Warum sind Echokammern, d.h., Räume, in denen sich Social Media-Nutzende mit Gleichgesinnten umgeben, eine Bedrohung für demokratische Systeme? Eine häufige Antwort auf diese Frage lautet: Gruppen, in denen sich Menschen in ihren Meinungen gegenseitig bestärken, neigen eher dazu, extremere Einstellungen zu entwickeln und sich politisch zu polarisieren. Dies wird als demokratieschädigend gewertet, da politische Polarisierung mit einer sozialen Fragmentierung einhergehen soll (Sunstein, 2017). Soziale Fragmentierung würde bedeuten, dass sich ideologisch unterschiedliche Gruppen immer weiter voneinander entfernen, nicht mehr miteinander in Diskussionen treten und ihre „Wir gegen sie“-Mentalität verstärken.

Aber führt die Nutzung sozialer Medien grundsätzlich zu einer politischen Polarisierung?

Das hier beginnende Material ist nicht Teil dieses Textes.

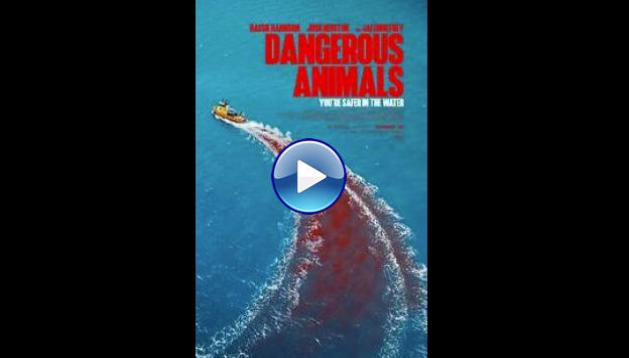 Dangerous Animals (2025)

Nun schauen wir uns erst einmal, was aktuelle Studien herausgefunden haben:

Mit einer Befragung von 1.032 nordamerikanischen Erwachsenen zu ihrer Nutzung sozialer Netzwerkseiten, stellten Lee, Choi, Kim, und Kim (2014) fest, dass je mehr Zeit Menschen auf sozialen Netzwerkplattformen verbringen, desto ideologisch diverser ist ihr Online-Umfeld (d.h., bestehend aus politisch unterschiedlich denkenden Gruppen; siehe auch Mythos 1). Diese Online-Diversität wiederum geht mit einer niedrigeren Polarisierung einher, sodass politische Meinungen und Ideologien weniger extrem ausfallen. Dies ist allerdings nur der Fall, wenn Menschen in ihrem heterogenen Netzwerk aktiv mitdiskutieren. Obwohl diese Studie darauf hindeutet, dass die Nutzung sozialer Medien – durch deren Heterogenität – mit einer verminderten individuellen Polarisierung in Verbindung steht, ist unklar, wie diese Beziehung zu Stande kommt: Nutzen weniger polarisierte Menschen soziale Medien auf eine besondere Art und Weise oder ist es die Nutzung sozialer Medien, die tatsächlich die Polarisierung vermindert? Um dies herauszufinden, haben Beam, Hutchens und Hmielowski (2018) eine Langezeitstudie mit 500 NordamerikanerInnen während der PräsidentInnen-Wahlkampagne im Jahr 2016 durchgeführt. Bei dieser Studie zeigte sich, dass stärker polarisierte Menschen Facebook seltener zum Konsum von Nachrichten nutzten. Eine verstärkte Nutzung von Facebook zum Nachrichtenkonsum führte über eine längere Zeit allerdings zu einer niedrigeren Polarisierung und zwar vor allem dann, wenn User Nachrichten begegneten, die ihrer persönlichen Meinung widersprachen. Darauf aufbauend kommen die ForscherInnen zu dem Schluss, dass die Nachrichtenrezeption über soziale Medien und damit einhergehende Echokammern nicht unbedingt für individuelle Polarisierungsprozesse verantwortlich sind.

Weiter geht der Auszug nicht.